To better assess real smoky dataset, we evaluate task-based performance as an indirect indicator of the desmoking performance. Such a task-driven evaluation approach has still not received attention, but it has great potential for surgical applications. Therefore, we validate our desmoking results based on instrument segmentation tasks [29]. Since there is no ground truth for the segmentation results in the real smoky dataset, we only show the qualitative comparison results in Fig. 5. It is seen that most of the desmoking algorithms improve the segmentation effect. Traditional desmoking methods are generally more effective. Compared to other deep learning-based algorithms, we obtain better segmentation results for the surgical instruments in our desmoked images. The segmentation results indirectly demonstrate the effectiveness of our proposed method and the future potential for other vision tasks.

Fig. 5
figure 5

Task-based comparisons of segmentation and desmoking results on real smoky images

Discussion and conclusion

In this paper, we propose a novel deep learning-based method which combines transformer with traditional CNN for surgical image desmoking. We utilize the self-attention mechanism for deep feature extraction. Compared to other desmoking algorithms which are based on various priors, our method conducts end-to-end feature extraction and generates clean images. The desmoking method augments the surgical field to clearly display surgical instruments and their environment during RMIS. Moreover, with task-based experimental validation, our proposed method could also be used as a preprocessing step for other high-level visual tasks, such as instrument segmentation, 3D scene reconstruction and surgery automation.

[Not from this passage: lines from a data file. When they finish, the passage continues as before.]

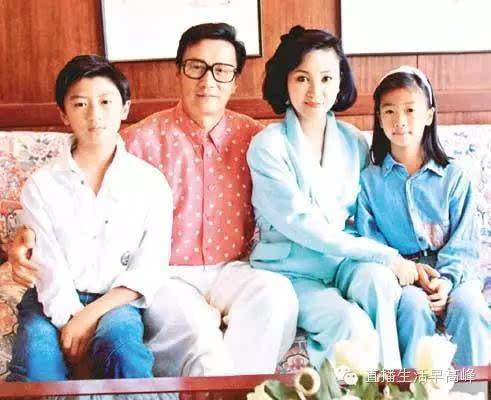 王宝强全家福,王宝强晒全家福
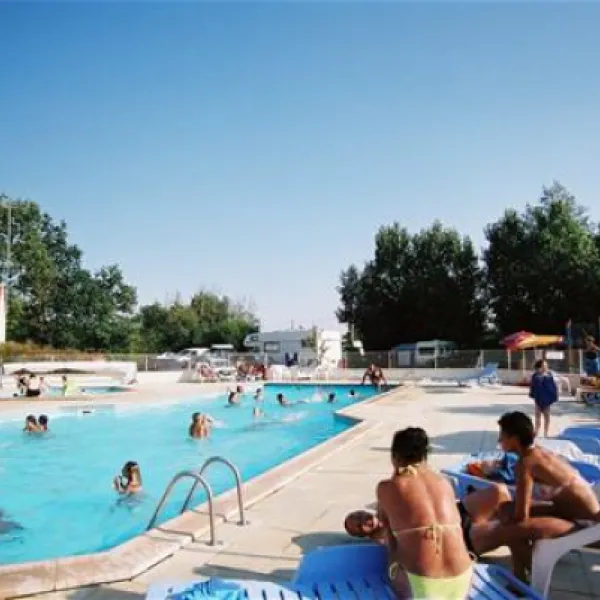 camping-le-bois-joli-bois-de-cene-nl2xt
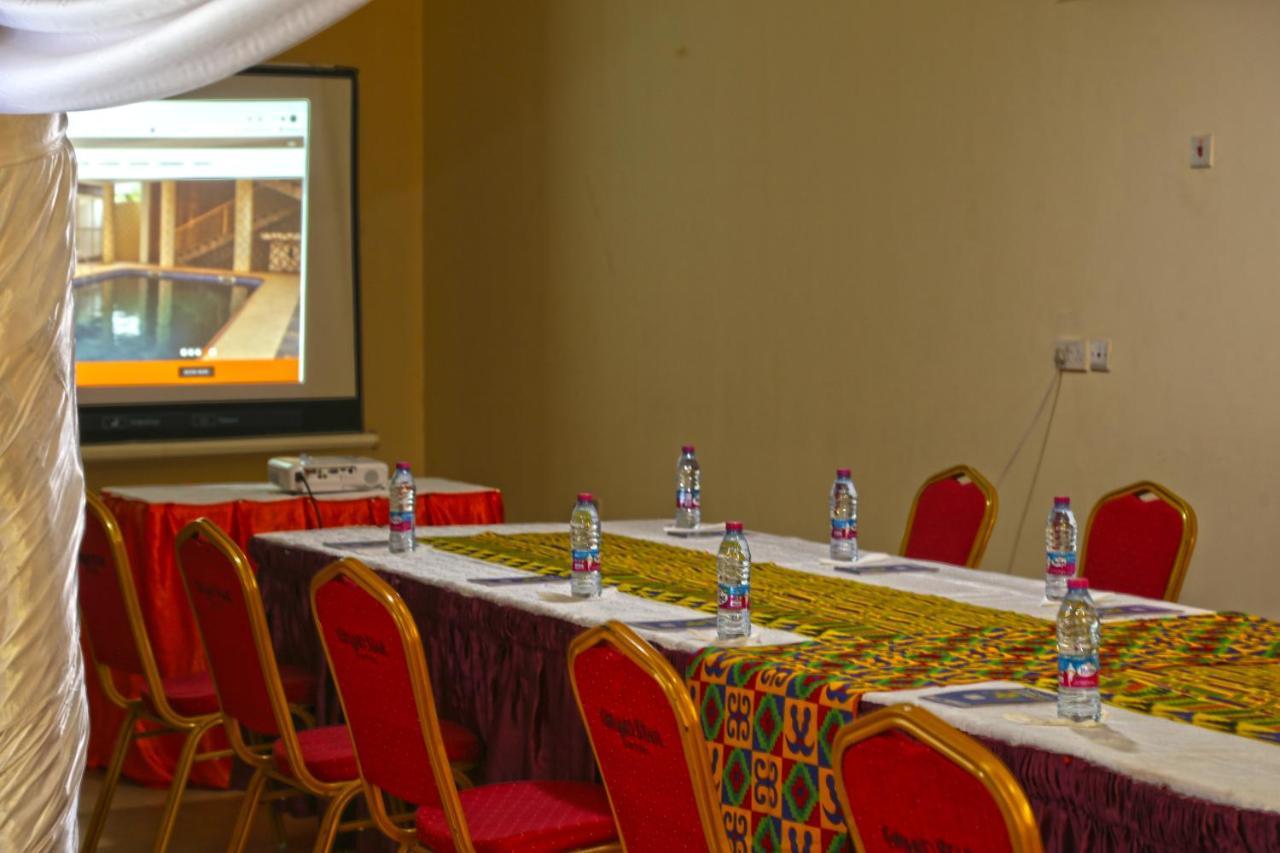Grand Star Hotel North Legon Eksteriør billede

In order to evaluate the performance of our method, extensive experiments are conducted on synthetic and real smoky surgical images. The results of our method are satisfactory when assessed by both the subjective evaluation and the full-reference metrics. The major reason is that our method utilizes the transformer network to make sure that the desmoking output is identical to the clear image rather than focusing on designing a suitable prior.

We also observe that for the real smoky dataset, the four non-reference metrics do not reach a consensus and our method does not achieve the best results. Firstly, many factors, such as sharpness, contrast and saturation, are considered in the image quality metrics. Our method is trained and focused on restoring the realistic and natural surgical images without putting special emphasis on qualities like sharpness, contrast and saturation. Secondly, these image quality indicators are indeed inconsistent with human visual perception. Although many desmoking methods use these indicators to assess their results, there are some inaccuracies in the quantitative evaluation of desmoking. Furthermore, the desmoking results around the instrument are more important for the surgeon or other visual tasks. Therefore, the global non-reference metrics are not adequate to evaluate the desmoking results and task-based evaluation methods are more appropriate. In future work, we plan to find more accurate and reliable quantitative metrics for surgical smoke removal.

For real smoky dataset, we find that for thick smoke (as the third image in Fig. 4), all the desmoking methods do not work very well, especially around the instrument tip. The main reason is that the context information is missing for single image desmoking. We are going to extend our method to multi-frame desmoking because the temporal information between consecutive images in the videos is important.